Bisnis.com, JAKARTA - Rencana tarif cukai atas kantong plastik dinilai terlalu rendah dan tidak akan mampu menekan penggunaan kantong plastik.
Sebelumnya, Direktorat Jenderal Bea dan Cukai (DJBC) memastikan besaran tarif cukai yang dikenakan atas kantong plastik tidak jauh berbeda dibandingkan tarif pungutan yang selama ini dikenakan.
"Tarif kalau diterapkan juga sama dengan yang sudah berjalan selama ini, sebesar Rp200 itu kita tidak jauh dari situ," ujar Direktur Teknis dan Fasilitas Cukai DJBC Nirwala Dwi Heryanto, Rabu (12/2/2020).
Direktur Eksekutif Center for Indonesia Taxation Analysis (CITA) Yustinus Prastowo mengatakan tarif yang disebut tidak terlalu jauh dengan tarif yang saat ini diberlakukan sehingga tidak akan efektif menekan penggunaannya.
Menurut Prastowo, pemerintah perlu membuat skema tarif bertingkat tergantung pada ketebalan kantong plastik yang digunakan.
"Cukai kantong plastik mestinya didesain untuk mendorong perilaku dan memberi insentif bagi yang sustain," ujar Prastowo kepada Bisnis, Rabu (12/2/2020).
Prastowo mengatakan sudah terdapat beberapa negara yang mempertimbangkan ketebalan kantong plastik dalam pengenaan cukai. Langkah ini juga dibarengi dengan kebijakan penekanan konsumsi kantong plastik tebal.
Berdasarkan catatan Bisnis, Kementerian Keuangan sebelumnya telah memerinci tarif dan jenis plastik yang menjadi BKC baru.
Semakin tebal, maka semakin rendah cukai yang dikenakan. "Kantong plastik yang lebih tebal dikenai cukai lebih rendah karena bisa dipakai berulang," ujar Prastowo, Rabu (12/2/2020).

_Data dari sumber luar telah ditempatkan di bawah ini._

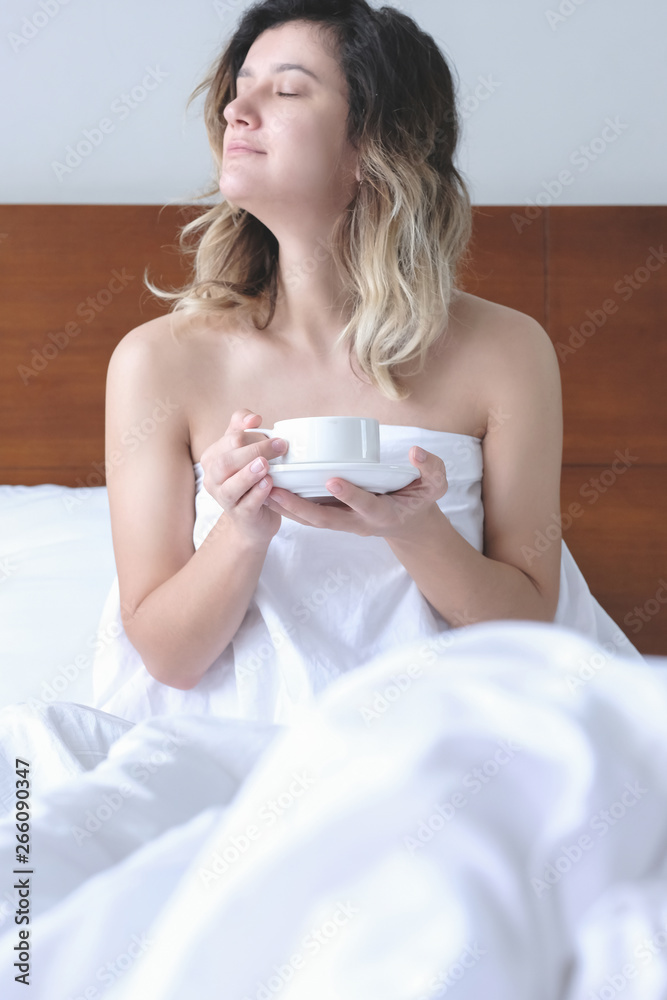 Beautiful young woman drinking her morning coffee in bed Beautiful young woman drinking her morning coffee in bed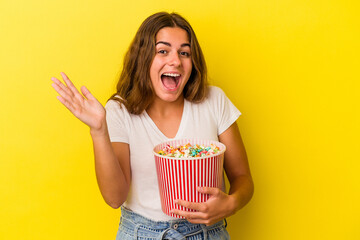 Young caucasian woman holding a popcorns isolated on yellow background  receiving a pleasant surprise, excited and raising hands.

Pertama, tarif 100% akan diberikan kepada kantong plastik dengan jebis bijih plastik virgin atau polyethylene dan polypropline yang memiliki waktu penguraian lebih dari 100 tahun. Kedua, tarif lebih rendah akan dikenakan kepada jenis plastik yang berasal dari bijih plastik oxodegredable dengan waktu urai antara 2-3 tahun.